It then goes off and allocates an address via DHCP, which is not what I want it to do.

Any idea as to why my /etc/conf.d/net file is apparently being ignored?

Cheers! Adam

----------

## NeddySeagoon

adam_aus,

I'm starting to lose the plot with the syntax of /etc/conf.d/net. There are 3 or 4 in circulation and you must use the right one for your install.

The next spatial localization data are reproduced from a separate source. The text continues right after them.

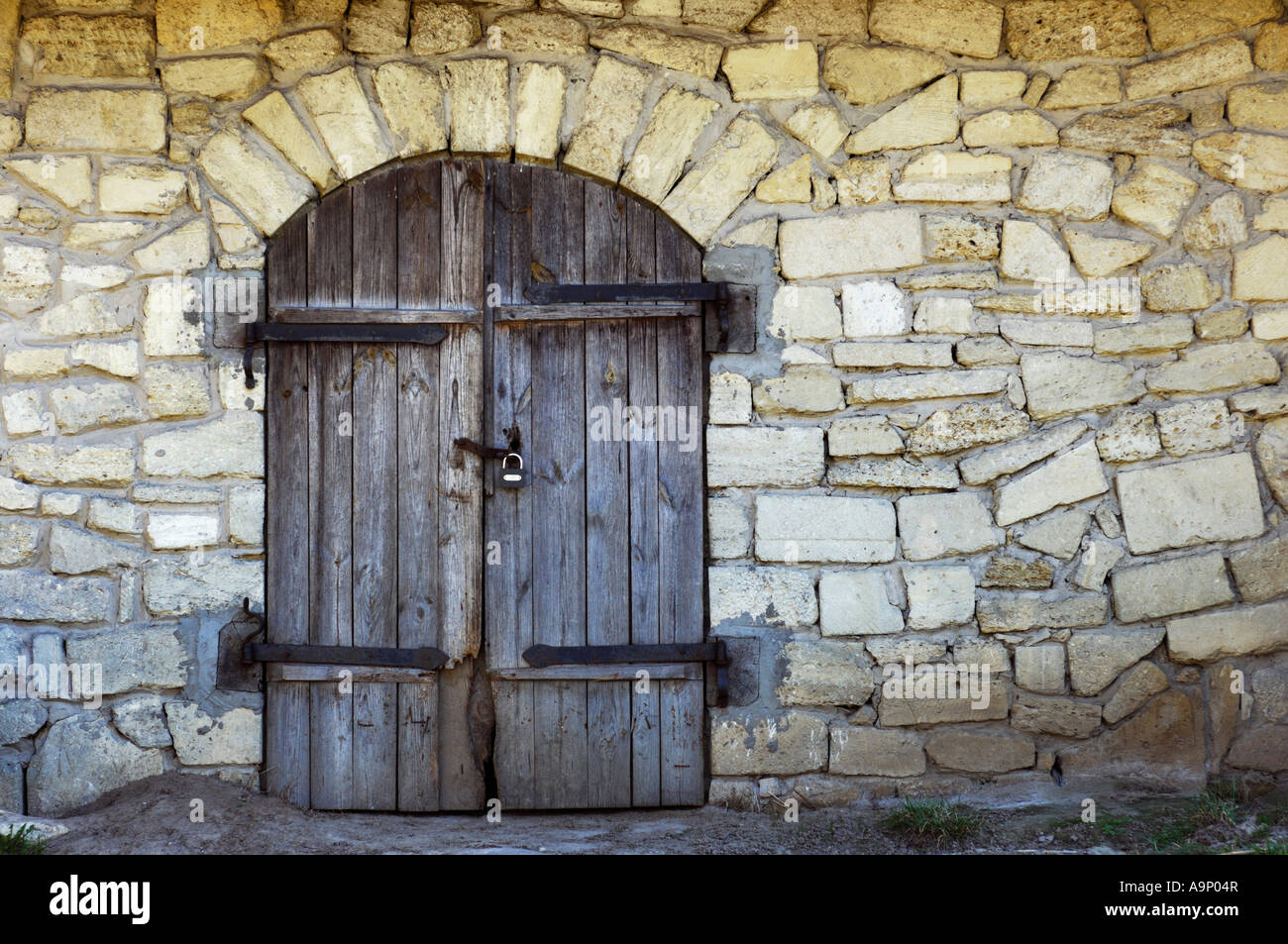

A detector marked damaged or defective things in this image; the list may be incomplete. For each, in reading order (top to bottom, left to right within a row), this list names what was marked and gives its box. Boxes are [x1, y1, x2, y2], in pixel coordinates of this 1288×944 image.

rusty metal bracket [520, 641, 726, 705]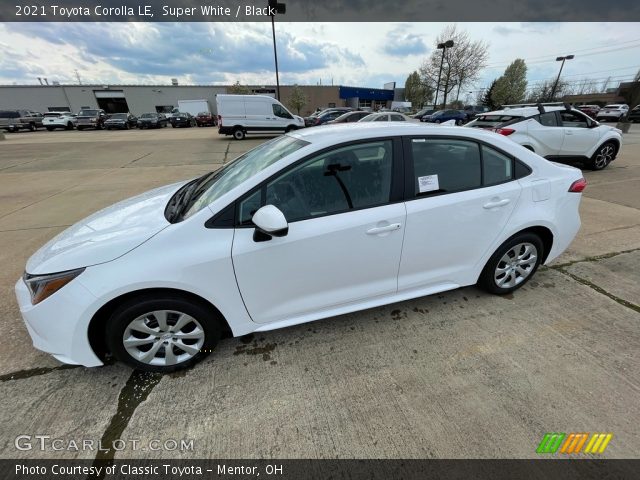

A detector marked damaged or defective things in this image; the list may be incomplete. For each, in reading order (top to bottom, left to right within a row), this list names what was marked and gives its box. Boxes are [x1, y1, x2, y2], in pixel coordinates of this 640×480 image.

pavement crack [552, 266, 636, 316]
pavement crack [0, 364, 79, 382]
pavement crack [92, 370, 162, 470]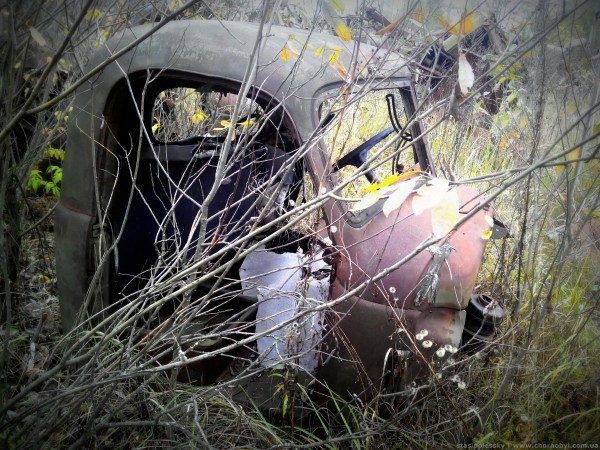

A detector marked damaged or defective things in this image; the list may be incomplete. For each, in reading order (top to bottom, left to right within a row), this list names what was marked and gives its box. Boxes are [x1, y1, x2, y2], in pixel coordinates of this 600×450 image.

rusty car body [55, 19, 502, 402]
abandoned vehicle [56, 19, 506, 402]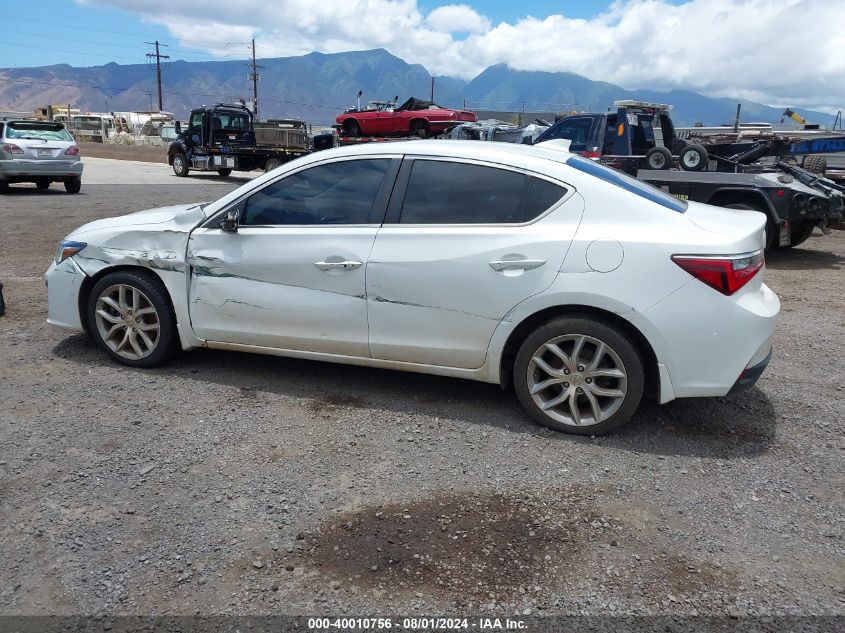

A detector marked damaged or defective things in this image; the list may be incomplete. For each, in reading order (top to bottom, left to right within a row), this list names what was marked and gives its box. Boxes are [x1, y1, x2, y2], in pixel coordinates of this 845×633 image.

Be sure your syntax matches that in /etc/conf.d/net.example

----------

## adam_aus

 *NeddySeagoon wrote:*   

> I'm starting to lose the plot with the syntax of /etc/conf.d/net. There are 3 or 4 in circulation and you must use the right one for your install.
> 
> Be sure your syntax matches that in /etc/conf.d/net.example

 

Yep, thanks for that. I've followed the syntax provided in the example file, to the letter. And I've tried the iface_eth0="", ifconfig=( "" ) and gateway="" formats too, all to no avail.   :Sad: 

----------

## NeddySeagoon

adam_aus,

The file /etc/inid.d.net.eth0 should be a symbolic link to net.lo, is it ?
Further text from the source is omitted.